The chasm between Brook’s record so far in India and Pakistan embodies a career that, outside English shores, has been one of extremes. In England, Brook has been consistent but often frittered away starts: he has converted just one of his seven 50+ scores in Test cricket at home into a century.

Away from home, Brook’s Test returns have been spectacular. In 11 games, he averages 80, with seven centuries. Each of these Tests have been in either Pakistan or New Zealand, and generally played on flat wickets. In the few Tests on less benign pitches, Brook’s returns have been altogether less spectacular.
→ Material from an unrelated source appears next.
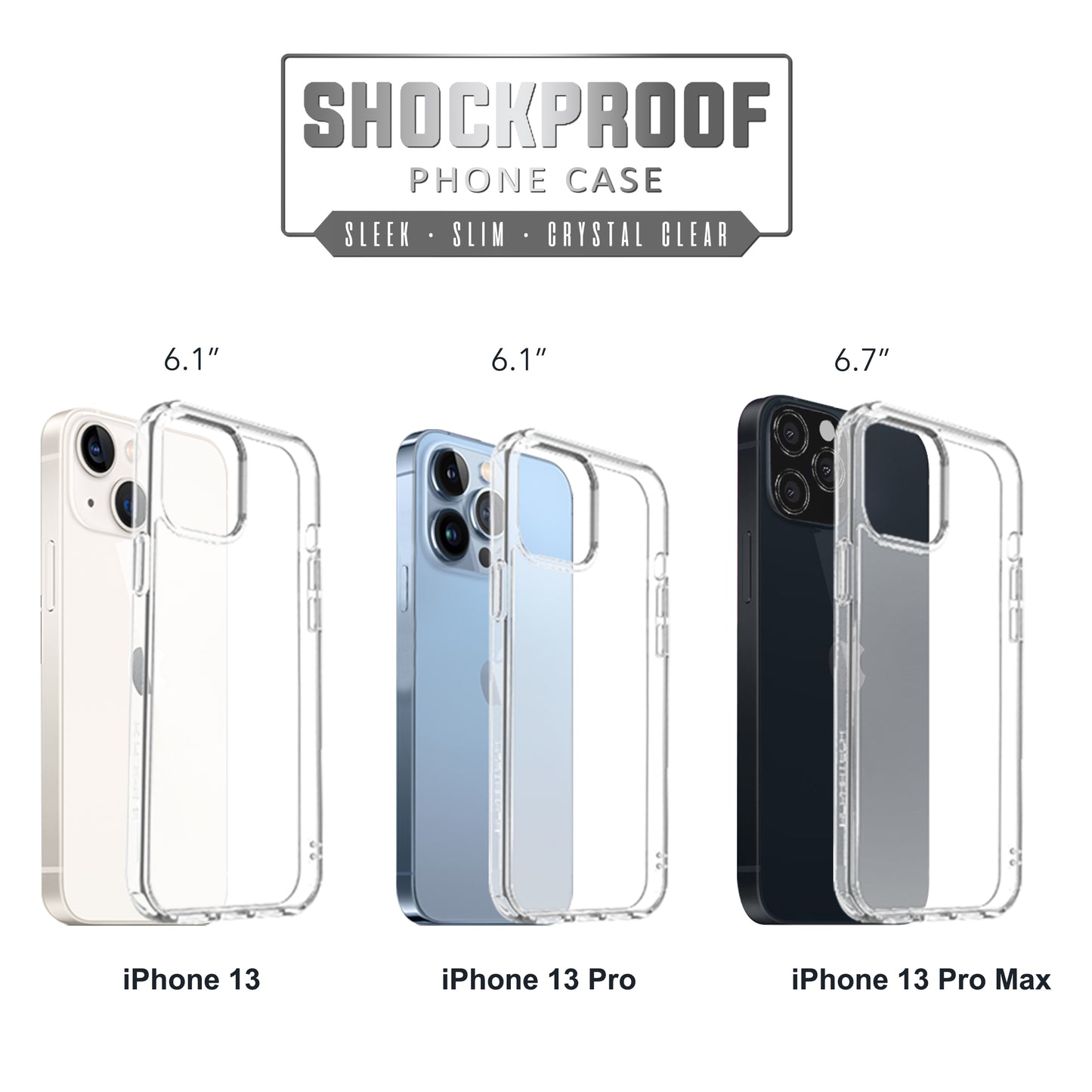 Alphatech Shockproof Case for iPhone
When Pakistan embraced dry, turning wickets in the last two Tests in October, Brook hit 9, 16, 5 and 26, falling twice apiece to spin twins Sajid Khan and Noman Ali. In Hamilton in December, on a pitch with more bounce than in the first two Tests, Brook fell for 0 and 1, both times dismissed by Will O’Rourke’s searing pace.

In Australia, Brook has so far played only T20 matches. In 16 matches – seven in the Big Bash, and nine for England – Brook has repeatedly succumbed trying to clear the large Australian boundaries and averages just 8.07. There is considerable mitigation for this lamentable record: Brook has batted in the middle-order in each innings in that country, a notoriously volatile berth in T20, and is a far more complete player now.

Still, for all these caveats, Brook’s embryonic record in Australia is in keeping with his experience of playing overseas: he tends to flourish or flounder, with little in between. The question is whether this owes to simple randomness or particular traits in his game.

Brook’s astounding record in New Zealand and Pakistan illustrates his prowess on true wickets, when he can trust the bounce. His struggles in India and Australia have shown vulnerabilities combatting the two challenges that are reserved for batsmen in the top echelons of the game: mystery spin, especially on turning tracks, and high pace.

In the T20 series in India, Brook fell all five times to the leg-spinners Ravi Bishnoi and Varun Chakravarthy. Lacking a reliable method to accumulate, Brook resorted to attempting to clear the ropes. “Facing spin in T20 cricket is probably the hardest thing in the game,” Brook reflected. “Maybe I’ve got to rein in a little bit, but we’ll see. I think I do have a method. It’s just trying to do it consistently and more often.”

In the ODIs, India then borrowed from the template of O’Rouke against Brook. Harshit Rana snared Brook for a duck with a bouncer in Nagpur, and dismissed him in the next two ODIs too. While Brook’s high hands are considered to render him vulnerable to rapid bouncers – a flaw hardly unique to him – he has fared better against this line of attack than extreme spin. He averaged 40.3 in the 2023 Ashes, when Australia often resorted to the short ball.

Brook must now be braced for these twin methods of attack in the Champions Trophy and the looming Test series at home to India and in Australia. Whenever he walks out to bat, Brook can expect to be met by an opponent’s quickest bowler, their best spinner – or both. How he responds will go a long way to defining England’s year.